On Discovery on June 6, the RBC Blue Water Project sponsored a 10-hour marathon of Life, a series that gives viewers an up-close look at the struggle for survival among different species in the natural world. It also sponsored two segments per show for a week on Discovery flagship Daily Planet, all dealing with water, and on Global, the FI sponsored a two-day ‘water weekend,’ in which two hours of programming each day was themed in line with the initiative.
The digital hub of the campaign is the project’s Facebook page, with a grant-recipient-generated content strategy scheduled through to 2011, as well as its microsite and branded YouTube channel. The video content up on the YouTube page includes three short films – which were also used for the campaign television spots, launched this weekend – profiling grant recipients, with three more going into production this week. The segments will eventually be developed into a full-length documentary, and although distribution has yet to be finalized, the filmmakers who have worked on the six spots have been encouraged by RBC to submit their films to the Toronto International Film Festival, of which RBC is a sponsor.
The Facebook fan page was launched with the RBC Blue Water Facebook Challenge, which asked people to sign up to be fans of the page with the goal of garnering 10,000 ‘likes’ – if achieved, the FI would donate $10,000 to a grant recipient. It worked: there are now over 12,000 fans of the page, and charity Free the Children will get an extra $10,000 in funding.

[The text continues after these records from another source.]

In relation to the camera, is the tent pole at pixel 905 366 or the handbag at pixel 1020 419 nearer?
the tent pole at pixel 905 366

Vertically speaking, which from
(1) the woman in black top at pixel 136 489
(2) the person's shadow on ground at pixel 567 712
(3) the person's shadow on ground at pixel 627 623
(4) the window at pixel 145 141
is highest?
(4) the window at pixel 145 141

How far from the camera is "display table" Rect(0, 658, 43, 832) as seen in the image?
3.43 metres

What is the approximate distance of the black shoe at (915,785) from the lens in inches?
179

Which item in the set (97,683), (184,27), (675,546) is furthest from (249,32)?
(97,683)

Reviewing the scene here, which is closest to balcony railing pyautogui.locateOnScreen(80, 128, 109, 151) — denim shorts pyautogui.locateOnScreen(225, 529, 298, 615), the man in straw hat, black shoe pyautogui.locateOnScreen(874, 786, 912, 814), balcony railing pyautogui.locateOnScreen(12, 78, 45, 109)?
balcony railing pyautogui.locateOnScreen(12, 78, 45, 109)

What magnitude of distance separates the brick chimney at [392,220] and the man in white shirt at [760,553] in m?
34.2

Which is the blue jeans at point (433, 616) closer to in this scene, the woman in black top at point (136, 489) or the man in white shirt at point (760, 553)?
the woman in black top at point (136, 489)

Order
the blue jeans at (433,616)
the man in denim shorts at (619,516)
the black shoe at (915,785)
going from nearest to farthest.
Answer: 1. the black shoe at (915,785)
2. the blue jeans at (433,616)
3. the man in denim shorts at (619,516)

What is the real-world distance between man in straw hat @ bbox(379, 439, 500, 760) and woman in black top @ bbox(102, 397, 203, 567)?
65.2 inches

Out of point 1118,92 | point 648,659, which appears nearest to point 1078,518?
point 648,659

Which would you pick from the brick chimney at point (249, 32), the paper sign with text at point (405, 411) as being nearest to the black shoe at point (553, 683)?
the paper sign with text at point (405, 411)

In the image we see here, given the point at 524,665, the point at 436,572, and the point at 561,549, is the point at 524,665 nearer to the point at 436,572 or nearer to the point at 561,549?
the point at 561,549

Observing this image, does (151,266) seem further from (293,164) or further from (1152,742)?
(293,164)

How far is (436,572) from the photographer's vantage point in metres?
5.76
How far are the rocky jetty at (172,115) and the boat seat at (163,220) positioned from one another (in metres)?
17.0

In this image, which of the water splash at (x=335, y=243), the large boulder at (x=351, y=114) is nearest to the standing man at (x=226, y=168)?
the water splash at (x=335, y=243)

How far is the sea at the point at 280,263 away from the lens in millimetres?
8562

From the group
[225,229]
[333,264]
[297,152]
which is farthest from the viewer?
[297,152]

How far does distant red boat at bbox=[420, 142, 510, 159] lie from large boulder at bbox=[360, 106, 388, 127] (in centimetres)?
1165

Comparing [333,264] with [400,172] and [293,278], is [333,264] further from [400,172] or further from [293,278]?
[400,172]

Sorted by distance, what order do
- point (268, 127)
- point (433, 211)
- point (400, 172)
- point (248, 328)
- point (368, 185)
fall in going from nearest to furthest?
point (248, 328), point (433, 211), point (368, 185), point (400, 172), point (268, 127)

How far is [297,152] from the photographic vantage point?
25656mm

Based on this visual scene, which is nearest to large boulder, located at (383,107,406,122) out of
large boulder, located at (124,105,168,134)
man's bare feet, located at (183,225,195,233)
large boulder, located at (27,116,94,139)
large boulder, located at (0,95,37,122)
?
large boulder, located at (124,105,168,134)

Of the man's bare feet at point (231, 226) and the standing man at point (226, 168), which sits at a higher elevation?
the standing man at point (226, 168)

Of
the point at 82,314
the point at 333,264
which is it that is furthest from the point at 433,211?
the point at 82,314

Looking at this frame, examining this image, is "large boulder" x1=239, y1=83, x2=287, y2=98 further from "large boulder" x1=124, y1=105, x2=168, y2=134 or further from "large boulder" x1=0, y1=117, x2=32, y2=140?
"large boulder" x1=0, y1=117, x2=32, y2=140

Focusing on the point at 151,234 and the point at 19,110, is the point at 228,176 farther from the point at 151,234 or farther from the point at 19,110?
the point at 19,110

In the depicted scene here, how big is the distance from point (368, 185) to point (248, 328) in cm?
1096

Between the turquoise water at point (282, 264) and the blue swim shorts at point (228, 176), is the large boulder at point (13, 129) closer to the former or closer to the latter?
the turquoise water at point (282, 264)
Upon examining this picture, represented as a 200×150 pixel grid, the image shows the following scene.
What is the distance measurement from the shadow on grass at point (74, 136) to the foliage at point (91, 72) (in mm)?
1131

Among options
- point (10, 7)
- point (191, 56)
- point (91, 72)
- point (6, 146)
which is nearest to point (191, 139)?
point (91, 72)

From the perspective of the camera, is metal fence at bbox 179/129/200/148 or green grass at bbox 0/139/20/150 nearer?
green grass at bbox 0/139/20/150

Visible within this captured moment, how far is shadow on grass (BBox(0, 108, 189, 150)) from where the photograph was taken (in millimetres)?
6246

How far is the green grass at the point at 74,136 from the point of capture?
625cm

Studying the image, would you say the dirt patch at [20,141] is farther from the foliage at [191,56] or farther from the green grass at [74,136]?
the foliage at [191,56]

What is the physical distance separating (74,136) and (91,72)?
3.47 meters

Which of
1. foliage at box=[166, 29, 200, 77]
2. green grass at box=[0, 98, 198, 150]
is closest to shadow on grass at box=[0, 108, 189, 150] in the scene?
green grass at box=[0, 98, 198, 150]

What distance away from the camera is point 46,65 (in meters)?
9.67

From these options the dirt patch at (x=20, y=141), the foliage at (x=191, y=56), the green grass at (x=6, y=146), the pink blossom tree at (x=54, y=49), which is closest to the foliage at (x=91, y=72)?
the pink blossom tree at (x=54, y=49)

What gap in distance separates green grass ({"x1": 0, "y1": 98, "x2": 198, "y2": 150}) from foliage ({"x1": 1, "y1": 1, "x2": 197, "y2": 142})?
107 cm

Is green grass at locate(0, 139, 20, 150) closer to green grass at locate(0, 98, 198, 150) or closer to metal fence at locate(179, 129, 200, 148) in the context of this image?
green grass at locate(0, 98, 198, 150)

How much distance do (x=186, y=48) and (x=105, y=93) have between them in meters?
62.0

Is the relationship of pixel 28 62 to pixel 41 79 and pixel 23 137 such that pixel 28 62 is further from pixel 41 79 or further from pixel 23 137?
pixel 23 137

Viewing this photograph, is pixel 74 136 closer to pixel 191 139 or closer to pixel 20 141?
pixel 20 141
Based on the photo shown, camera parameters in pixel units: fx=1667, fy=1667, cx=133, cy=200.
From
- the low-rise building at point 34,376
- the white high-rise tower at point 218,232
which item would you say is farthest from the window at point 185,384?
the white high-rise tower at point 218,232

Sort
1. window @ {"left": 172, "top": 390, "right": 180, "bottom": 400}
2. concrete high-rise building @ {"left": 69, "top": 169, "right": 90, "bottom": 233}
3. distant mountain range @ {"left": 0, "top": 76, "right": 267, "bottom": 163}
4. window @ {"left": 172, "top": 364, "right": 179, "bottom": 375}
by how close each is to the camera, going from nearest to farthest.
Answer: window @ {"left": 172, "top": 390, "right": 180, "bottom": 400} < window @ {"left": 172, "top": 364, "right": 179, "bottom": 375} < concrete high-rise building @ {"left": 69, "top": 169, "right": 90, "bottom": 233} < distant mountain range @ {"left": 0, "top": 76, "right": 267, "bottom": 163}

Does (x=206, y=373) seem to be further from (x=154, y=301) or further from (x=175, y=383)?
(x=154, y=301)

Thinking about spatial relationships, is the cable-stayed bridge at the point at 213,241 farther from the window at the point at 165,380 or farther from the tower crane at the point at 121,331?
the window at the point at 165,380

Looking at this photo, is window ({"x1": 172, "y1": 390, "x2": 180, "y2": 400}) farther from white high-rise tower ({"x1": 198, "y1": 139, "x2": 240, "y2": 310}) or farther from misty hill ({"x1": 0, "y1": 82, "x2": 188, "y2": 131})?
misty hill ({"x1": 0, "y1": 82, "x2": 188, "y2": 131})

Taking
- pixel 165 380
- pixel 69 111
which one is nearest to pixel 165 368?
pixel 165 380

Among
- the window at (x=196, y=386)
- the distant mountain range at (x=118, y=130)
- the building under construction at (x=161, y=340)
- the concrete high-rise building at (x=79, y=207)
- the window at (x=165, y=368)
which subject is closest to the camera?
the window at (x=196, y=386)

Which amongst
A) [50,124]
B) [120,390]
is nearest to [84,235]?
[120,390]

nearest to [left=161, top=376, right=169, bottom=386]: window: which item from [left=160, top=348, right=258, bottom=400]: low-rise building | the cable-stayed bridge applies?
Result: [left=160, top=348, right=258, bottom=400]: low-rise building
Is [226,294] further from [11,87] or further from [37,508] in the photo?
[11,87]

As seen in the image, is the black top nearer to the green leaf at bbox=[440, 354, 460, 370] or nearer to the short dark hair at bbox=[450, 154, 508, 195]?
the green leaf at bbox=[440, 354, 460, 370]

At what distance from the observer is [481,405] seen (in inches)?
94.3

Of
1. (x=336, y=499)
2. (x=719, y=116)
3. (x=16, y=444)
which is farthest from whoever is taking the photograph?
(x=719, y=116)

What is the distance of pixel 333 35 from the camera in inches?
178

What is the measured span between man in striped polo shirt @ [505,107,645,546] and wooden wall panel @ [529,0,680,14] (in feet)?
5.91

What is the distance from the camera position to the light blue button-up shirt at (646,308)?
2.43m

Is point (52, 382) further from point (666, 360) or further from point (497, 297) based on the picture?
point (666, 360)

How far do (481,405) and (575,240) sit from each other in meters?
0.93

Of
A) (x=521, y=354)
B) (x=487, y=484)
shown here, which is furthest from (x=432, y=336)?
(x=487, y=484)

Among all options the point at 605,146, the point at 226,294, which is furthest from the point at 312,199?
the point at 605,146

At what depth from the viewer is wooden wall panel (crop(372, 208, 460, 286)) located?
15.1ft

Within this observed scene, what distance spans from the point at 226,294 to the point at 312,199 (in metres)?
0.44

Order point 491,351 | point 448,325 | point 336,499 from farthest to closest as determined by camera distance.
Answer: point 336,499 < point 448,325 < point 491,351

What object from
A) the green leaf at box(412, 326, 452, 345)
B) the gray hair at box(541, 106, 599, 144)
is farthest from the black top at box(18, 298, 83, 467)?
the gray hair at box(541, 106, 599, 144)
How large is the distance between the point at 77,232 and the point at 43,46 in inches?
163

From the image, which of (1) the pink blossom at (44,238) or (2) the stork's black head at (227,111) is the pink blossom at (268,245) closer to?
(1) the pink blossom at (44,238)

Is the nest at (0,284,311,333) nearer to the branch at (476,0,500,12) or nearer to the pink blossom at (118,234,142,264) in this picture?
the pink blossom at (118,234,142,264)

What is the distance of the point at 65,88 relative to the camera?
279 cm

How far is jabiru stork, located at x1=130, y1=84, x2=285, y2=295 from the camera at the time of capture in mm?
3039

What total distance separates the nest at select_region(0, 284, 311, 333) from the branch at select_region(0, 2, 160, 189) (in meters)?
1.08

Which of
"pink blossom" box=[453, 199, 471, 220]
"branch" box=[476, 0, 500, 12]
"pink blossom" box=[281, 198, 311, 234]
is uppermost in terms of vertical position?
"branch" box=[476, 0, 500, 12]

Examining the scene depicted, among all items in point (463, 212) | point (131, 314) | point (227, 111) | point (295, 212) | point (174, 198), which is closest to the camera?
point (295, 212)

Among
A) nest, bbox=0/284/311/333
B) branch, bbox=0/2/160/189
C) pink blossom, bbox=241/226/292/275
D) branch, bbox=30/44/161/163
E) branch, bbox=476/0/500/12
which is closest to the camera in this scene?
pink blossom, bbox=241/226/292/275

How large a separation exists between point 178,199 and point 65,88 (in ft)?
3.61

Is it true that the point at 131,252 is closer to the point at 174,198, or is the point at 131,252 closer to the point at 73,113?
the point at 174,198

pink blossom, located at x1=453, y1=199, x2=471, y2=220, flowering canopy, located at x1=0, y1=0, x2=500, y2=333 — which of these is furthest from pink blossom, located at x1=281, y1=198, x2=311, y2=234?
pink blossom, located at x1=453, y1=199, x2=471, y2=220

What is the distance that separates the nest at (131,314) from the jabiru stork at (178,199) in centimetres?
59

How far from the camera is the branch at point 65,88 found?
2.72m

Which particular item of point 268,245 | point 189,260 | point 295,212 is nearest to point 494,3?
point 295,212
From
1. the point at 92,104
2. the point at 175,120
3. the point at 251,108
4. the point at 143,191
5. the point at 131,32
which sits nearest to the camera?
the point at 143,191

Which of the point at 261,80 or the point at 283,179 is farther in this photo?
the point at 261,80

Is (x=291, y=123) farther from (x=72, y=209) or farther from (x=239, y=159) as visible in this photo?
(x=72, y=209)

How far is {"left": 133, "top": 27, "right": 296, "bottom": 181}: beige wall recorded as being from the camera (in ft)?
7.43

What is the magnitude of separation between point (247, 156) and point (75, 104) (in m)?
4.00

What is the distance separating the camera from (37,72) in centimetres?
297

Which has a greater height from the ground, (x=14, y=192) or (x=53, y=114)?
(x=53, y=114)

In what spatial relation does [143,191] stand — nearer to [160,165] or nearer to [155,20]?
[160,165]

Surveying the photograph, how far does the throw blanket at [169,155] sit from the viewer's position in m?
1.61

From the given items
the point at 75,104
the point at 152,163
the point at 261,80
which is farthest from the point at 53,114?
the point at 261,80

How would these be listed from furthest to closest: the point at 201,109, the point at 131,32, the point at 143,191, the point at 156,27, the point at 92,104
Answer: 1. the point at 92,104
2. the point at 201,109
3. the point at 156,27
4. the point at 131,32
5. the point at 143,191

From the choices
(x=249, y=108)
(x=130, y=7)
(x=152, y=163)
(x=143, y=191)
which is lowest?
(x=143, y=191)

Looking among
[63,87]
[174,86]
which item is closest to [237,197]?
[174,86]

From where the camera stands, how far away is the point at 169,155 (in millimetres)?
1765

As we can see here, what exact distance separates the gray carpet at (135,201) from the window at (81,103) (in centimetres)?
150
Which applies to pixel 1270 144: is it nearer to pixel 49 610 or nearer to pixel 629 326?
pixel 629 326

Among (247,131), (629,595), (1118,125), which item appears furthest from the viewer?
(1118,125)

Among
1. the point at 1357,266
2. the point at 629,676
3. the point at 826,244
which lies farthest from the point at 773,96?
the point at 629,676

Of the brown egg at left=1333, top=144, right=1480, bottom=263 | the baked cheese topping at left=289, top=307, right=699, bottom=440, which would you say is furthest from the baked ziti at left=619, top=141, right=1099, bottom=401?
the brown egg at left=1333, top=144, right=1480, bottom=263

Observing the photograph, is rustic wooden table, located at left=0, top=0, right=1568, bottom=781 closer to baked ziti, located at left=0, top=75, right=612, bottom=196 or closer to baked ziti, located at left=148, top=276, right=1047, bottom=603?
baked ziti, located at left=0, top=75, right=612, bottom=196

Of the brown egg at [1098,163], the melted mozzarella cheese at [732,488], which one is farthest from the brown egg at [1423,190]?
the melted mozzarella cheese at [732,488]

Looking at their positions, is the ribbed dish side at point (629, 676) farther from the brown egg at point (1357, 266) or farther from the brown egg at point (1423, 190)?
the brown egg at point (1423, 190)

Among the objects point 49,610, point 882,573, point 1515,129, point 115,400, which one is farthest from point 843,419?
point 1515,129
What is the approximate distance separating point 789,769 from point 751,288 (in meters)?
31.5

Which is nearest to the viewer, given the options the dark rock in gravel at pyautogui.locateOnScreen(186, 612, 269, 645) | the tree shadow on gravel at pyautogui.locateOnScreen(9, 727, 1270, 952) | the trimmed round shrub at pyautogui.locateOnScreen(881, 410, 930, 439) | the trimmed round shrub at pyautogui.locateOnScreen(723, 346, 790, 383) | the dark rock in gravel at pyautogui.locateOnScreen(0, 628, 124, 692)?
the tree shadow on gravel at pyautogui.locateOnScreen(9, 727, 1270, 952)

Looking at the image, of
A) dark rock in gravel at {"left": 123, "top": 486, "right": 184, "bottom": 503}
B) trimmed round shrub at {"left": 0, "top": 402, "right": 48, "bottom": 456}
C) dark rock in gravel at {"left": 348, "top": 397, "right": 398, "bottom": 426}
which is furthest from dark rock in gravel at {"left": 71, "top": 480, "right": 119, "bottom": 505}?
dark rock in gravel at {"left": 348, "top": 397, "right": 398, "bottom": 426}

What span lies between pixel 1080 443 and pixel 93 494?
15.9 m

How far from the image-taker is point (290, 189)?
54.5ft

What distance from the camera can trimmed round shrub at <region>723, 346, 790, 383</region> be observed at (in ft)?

In addition to her work on the Blue Water Project, Zarska has contributed media strategy to other aspects of the RBC business, in particular, branch openings. The problem, she found, was that many of RBC’s new branches open in small Canadian markets, and good photos or details of available billboards in these markets weren’t always readily available. To help better plan OOH, Zarska created a best practice at the agency whereby all new branch opening locations are analyzed through Google Maps and Streetview to ensure ideal OOH locations are hand-selected for purchase.
Additionally, she would like to to introduce more mobile elements into RBC’s media planning. ‘I’ve been trying to get mobile on every single plan, especially now because a few other financial institutions have come out with mobile applications,’ she explains. ‘But I think it’s finding the need first. We can’t just put an app out there and expect it to do things for us.’